NCM and Mirasol are working collaboratively to advance the drill
permitting process at Gorbea and upgrade the exploration camp ahead
of the planned Q1 2019 restart of the exploration program that will
initially focus on the Atlas project, including detailed
re-mapping, alteration vectoring studies, 60 line-km of CSAMT
geophysics, and diamond core drilling.
Terms of the Agreement
Option phase:
- US$100,000 cash payment upon
signing the Agreement;
- NCM's minimum commitment is to spend US$4 million and drill a minimum of 3,000m in the first 18 months of the exploration
program;
- NCM will operate the Project and will receive a 5% management
fee; and
- At the end of the Option phase, NCM will have the right to
exercise the Farm-in phase of the Agreement.
Farm-in phase:
- Stage 1: NCM will make a cash payment to Mirasol of
US$500,000, and will have the right
to earn 51% of the Project over a 4.5-year period (total 6 years)

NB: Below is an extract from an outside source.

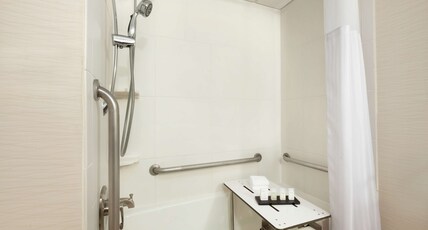Embassy Suites Oklahoma City Will Rogers Airport Room Type - 1 KG STE HEAR ACC NO SMOK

by spending an additional US$15
million (total US$19 million),
which includes a minimum drilling commitment of 6,000 m to be completed within the first 2
years;
- Stage 2: If NCM elects to proceed to Stage 2 of the
Farm-in, it will make a cash payment to Mirasol of
US$650,000 and have the right to earn
65% of the Project over an additional 1-year period (total 7
years), by funding the delivery of a positive preliminary economic
assessment, in accordance with NI 43-101, on a resource of not less
than 1 million ounces of gold at a cut-off grade of 0.30
grams per tonne (g/t);
- Stage 3: If NCM elects to proceed to Stage 3 of the
Farm-in, it will have the right to earn 75% of the Project
over an additional 2-year period (total 9 years) by funding the
lesser of either: (i) additional expenditures of US$100 million; or (ii) the delivery of a
positive bankable[1] Feasibility Study, in accordance with NI
43-101;
- Stage 4: After completion of Stage 3, Mirasol can elect
to: (i) contribute its proportionate 25% share of further
development expenditures, (ii) exercise a one-time equity
conversion option to convert up to 10% of its equity into a NSR
royalty at a rate of 2.5% equity per 0.5% NSR royalty (max 2% NSR
royalty) and then contribute funding to advance the Company's
remaining Project equity interest; or (iii) dilute. The rate
of royalty dilution (up to 2% and triggered upon dilution of its
interest to 10%) will be adjusted based on the percentage royalty
acquired as part of the equity conversion option. NCM will hold a
0.5% NSR buyback right at fair market value exercisable on the
conversion royalty or the dilution royalty.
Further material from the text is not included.